By Robert VerBruggen
Thursday, August 09, 2018
A “descriptivist” is someone who studies how language is
used. A “prescriptivist” is someone who tells other people how to use language
correctly. And while these are often framed as opposing camps, they need not
be: A thoughtful descriptivist realizes that strongly established usage
patterns should generally be treated as rules by someone who wants to
communicate effectively; a thoughtful prescriptivist realizes that the rules
emerge from constantly evolving usage patterns.
There’s a certain strain of prescriptivism, though, that
merely seeks to impose rules on other people’s language, often on nothing more
than one’s own say-so. Overwhelmingly, these folks are harmless-if-annoying
self-appointed “sticklers” who insist, for example, that you must not split
infinitives or start sentences with conjunctions. But ill-founded
prescriptivism also rears its head with political terms, and we’ve been seeing
a bit of that lately from the woke left.
Some academics who study racial matters use the word
“racism” to mean not “dislike of people on the basis of race,” which is how
most people use it, but rather something like “prejudice plus power” or what is
more clearly called “institutional” or “systemic” racism — meaning,
conveniently, that members of minority groups by definition cannot be racist.
And as Scott Alexander noted at Slate Star Codex back in 2014, parts of the
Left are no longer willing to admit that this is a departure from standard
usage by saying something along the lines of, “I suppose a group of black people
chasing a white kid down the street waving knives and yelling ‘KILL WHITEY’
qualifies by most people’s definition, but I prefer to idiosyncratically define
it my own way, so just remember that when you’re reading stuff I write.”
Instead, as Alexander writes, “we have a case where
original coinage, all major dictionaries, and the overwhelming majority of
common usage all define ‘racism’ one way, and social justice bloggers insist
with astonishing fervor that way is totally
wrong and it must be defined
another.” I am not entirely sure if this is a conscious effort to redefine the
word — and by pretending it’s already
defined this way they’re “gaslighting” us — or if they have drunk so much
Kool-Aid that they can say this in all sincerity.
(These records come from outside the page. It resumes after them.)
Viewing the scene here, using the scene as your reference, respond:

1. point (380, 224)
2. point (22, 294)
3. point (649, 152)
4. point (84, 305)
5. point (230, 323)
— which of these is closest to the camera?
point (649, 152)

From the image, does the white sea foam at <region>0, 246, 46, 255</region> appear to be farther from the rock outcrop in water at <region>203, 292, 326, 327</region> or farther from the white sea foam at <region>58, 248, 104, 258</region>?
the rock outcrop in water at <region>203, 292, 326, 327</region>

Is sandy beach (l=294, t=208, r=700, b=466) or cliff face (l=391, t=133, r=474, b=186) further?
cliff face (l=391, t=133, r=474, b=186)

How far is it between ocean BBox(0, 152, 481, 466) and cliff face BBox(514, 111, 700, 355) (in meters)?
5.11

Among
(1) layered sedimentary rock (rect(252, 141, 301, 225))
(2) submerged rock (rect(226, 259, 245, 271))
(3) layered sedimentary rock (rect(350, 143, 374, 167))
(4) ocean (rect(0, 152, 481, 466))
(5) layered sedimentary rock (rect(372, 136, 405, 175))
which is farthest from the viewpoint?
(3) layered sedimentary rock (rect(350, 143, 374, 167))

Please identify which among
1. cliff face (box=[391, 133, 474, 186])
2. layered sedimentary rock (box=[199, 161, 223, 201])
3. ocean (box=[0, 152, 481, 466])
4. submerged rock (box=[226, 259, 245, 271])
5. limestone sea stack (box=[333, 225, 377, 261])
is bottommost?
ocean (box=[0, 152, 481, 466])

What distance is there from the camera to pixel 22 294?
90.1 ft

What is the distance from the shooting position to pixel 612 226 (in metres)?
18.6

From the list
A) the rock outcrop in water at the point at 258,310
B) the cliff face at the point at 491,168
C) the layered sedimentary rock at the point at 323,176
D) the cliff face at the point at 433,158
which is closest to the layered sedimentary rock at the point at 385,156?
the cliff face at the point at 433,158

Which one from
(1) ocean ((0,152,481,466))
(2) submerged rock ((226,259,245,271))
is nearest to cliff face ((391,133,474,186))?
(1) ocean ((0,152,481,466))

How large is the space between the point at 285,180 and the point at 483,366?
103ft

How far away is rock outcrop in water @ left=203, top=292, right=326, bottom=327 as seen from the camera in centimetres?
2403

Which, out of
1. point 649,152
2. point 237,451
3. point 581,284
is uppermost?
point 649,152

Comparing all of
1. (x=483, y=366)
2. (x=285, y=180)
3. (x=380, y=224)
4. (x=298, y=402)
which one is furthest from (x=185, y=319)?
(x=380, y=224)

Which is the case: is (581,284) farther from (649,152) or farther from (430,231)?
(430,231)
When called on it, many
simply point to academic definitions, as though academia had the power to redefine
words for the rest of society; that, of course, is not how language works.
There was a similar (if much smaller) kerfuffle in 2015
regarding the word “baby.” As I demonstrated at the time, “baby” and its
predecessor “babe” have been in use for centuries, and English speakers have
never shied away from describing pregnant women as having “babies” or “babes”
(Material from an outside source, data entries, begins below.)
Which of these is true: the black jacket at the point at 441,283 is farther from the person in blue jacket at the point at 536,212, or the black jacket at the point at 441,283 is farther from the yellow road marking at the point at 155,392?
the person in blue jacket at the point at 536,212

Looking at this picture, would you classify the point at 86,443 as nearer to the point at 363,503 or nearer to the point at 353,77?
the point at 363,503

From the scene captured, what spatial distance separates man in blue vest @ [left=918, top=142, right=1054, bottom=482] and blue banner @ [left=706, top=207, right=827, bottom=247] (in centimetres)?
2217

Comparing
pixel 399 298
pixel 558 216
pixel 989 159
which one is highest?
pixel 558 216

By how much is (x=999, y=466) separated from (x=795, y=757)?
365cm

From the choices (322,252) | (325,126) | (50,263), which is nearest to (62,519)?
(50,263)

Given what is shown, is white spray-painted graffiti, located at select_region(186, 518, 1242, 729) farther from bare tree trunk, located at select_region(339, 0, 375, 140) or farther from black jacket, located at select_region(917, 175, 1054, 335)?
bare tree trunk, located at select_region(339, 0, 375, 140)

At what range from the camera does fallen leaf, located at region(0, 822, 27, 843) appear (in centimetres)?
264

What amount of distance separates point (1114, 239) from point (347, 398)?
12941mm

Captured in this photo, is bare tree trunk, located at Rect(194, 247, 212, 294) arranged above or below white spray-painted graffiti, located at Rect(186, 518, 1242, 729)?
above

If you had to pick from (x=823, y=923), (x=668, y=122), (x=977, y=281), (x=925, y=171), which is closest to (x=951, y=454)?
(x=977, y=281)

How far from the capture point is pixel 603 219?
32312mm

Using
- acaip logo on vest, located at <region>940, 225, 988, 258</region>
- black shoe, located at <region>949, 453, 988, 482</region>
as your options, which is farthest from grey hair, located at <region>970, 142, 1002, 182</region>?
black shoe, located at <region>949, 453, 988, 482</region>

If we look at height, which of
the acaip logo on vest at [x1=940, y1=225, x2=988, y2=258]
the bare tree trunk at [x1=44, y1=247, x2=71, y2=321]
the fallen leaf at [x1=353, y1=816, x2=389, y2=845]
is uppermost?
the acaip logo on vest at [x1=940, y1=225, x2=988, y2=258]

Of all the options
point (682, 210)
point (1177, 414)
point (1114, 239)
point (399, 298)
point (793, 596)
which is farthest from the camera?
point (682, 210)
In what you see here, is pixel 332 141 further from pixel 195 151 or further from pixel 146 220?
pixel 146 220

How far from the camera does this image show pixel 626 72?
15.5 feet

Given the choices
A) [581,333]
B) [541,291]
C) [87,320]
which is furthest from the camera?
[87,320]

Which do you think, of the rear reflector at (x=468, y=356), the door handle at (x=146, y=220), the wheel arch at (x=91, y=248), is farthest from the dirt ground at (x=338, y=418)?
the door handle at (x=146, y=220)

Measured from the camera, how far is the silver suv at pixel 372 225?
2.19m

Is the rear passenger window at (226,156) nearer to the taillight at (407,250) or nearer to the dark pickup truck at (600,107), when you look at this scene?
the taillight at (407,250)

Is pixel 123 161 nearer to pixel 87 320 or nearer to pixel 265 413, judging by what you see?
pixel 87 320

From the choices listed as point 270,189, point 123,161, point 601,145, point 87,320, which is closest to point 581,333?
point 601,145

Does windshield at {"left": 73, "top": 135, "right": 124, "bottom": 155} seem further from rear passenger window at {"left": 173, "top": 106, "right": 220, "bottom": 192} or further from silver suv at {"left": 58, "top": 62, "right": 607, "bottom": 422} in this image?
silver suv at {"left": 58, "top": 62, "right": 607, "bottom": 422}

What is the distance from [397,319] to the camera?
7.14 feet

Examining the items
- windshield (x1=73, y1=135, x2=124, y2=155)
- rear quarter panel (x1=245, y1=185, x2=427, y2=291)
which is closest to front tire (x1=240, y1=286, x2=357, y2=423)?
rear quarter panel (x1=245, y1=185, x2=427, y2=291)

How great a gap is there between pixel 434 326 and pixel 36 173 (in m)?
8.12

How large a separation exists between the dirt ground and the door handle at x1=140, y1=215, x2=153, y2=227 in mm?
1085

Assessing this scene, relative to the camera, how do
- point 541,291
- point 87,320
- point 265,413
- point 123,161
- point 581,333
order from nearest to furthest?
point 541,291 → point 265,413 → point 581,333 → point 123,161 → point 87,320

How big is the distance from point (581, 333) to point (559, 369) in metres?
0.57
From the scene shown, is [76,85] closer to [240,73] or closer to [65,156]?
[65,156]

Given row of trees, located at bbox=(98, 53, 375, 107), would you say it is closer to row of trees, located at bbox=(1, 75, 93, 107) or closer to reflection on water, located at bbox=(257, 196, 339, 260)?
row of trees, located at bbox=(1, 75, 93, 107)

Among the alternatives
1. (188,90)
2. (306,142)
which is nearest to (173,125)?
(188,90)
in their wombs. And yet during that year’s Planned Parenthood controversy, some
insisted it was incorrect to say that “baby parts” were at issue, because the
medical community likes to call unborn babies the “products of conception.” (Or
at least part of the medical community: In my experience, the folks conducting
ultrasounds use the word “baby” all the time.)
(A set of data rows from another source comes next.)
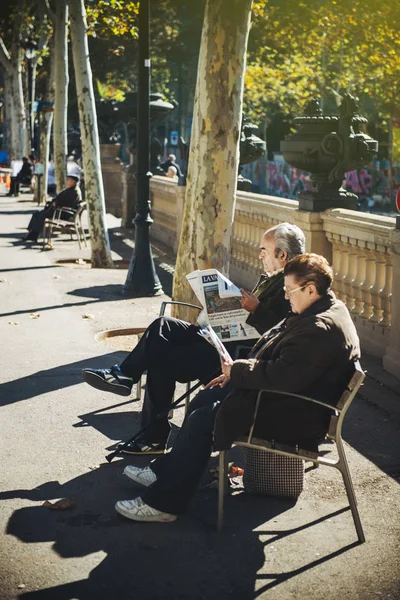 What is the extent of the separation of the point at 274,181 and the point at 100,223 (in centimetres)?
3896

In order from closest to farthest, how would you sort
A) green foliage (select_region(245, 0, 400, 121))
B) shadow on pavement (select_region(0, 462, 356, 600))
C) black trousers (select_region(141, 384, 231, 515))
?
shadow on pavement (select_region(0, 462, 356, 600)) < black trousers (select_region(141, 384, 231, 515)) < green foliage (select_region(245, 0, 400, 121))

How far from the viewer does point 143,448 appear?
20.9 ft

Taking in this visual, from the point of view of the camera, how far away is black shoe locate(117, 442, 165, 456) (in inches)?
250

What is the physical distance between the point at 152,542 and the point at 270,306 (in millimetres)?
1899

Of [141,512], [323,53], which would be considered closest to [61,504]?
[141,512]

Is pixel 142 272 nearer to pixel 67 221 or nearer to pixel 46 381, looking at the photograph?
pixel 46 381

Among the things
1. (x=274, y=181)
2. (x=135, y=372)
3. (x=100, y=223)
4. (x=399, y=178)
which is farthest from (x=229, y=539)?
(x=274, y=181)

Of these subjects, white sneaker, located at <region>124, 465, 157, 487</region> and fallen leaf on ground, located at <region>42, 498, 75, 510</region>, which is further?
white sneaker, located at <region>124, 465, 157, 487</region>

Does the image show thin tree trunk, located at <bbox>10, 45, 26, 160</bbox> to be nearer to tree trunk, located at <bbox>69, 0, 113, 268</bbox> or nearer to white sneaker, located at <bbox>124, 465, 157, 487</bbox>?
tree trunk, located at <bbox>69, 0, 113, 268</bbox>

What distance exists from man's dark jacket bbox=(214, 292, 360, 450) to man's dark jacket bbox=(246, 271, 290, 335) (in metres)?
1.01

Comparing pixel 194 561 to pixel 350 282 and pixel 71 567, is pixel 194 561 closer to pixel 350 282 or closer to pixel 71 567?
pixel 71 567

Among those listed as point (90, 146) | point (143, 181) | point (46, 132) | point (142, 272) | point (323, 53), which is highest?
point (323, 53)

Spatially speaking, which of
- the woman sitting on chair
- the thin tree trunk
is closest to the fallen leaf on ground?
the woman sitting on chair

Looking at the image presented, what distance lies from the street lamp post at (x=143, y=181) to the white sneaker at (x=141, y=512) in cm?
834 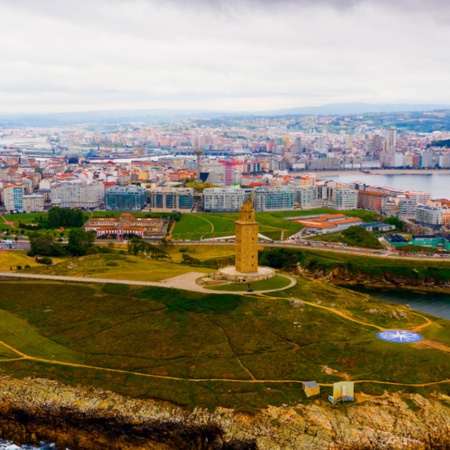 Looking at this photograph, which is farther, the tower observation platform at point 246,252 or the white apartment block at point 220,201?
the white apartment block at point 220,201

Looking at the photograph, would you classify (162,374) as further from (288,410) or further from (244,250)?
(244,250)

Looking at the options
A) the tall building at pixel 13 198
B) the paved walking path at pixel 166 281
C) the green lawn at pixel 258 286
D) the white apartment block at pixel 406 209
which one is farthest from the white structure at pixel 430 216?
the tall building at pixel 13 198

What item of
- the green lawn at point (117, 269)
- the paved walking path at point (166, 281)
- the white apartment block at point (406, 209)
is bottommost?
the white apartment block at point (406, 209)

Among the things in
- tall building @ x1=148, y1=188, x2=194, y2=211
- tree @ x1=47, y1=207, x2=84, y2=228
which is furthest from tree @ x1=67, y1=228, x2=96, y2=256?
tall building @ x1=148, y1=188, x2=194, y2=211

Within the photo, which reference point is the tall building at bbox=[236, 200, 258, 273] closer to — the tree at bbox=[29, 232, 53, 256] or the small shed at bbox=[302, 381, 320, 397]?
the small shed at bbox=[302, 381, 320, 397]

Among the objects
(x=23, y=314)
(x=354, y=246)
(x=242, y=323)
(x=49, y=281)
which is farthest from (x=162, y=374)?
(x=354, y=246)

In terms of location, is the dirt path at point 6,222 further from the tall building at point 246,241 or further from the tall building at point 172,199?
the tall building at point 246,241

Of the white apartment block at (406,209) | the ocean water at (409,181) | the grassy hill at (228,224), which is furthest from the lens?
the ocean water at (409,181) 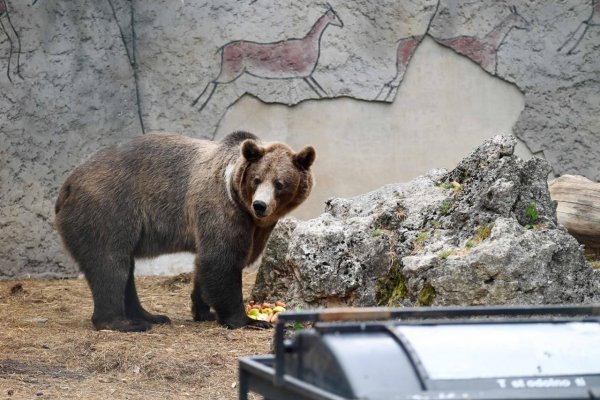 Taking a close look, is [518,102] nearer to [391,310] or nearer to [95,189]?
[95,189]

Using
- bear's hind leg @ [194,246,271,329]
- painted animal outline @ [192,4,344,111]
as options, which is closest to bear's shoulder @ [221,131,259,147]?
bear's hind leg @ [194,246,271,329]

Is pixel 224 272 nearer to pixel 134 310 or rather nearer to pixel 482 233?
pixel 134 310

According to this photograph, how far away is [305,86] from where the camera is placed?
32.4 feet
To be sure, people are free to try to change the language
by brute force if they want. Sometimes it even works: The word “which” was
commonly used restrictively (as in “the game which they are playing”) when the comically overrated
Elements of Style announced that this
was an error, and nowadays adherence to the rule is a reasonably standard
aspect of American English. But our words’ definitions are ultimately decided
by the community of English speakers, not just by academia.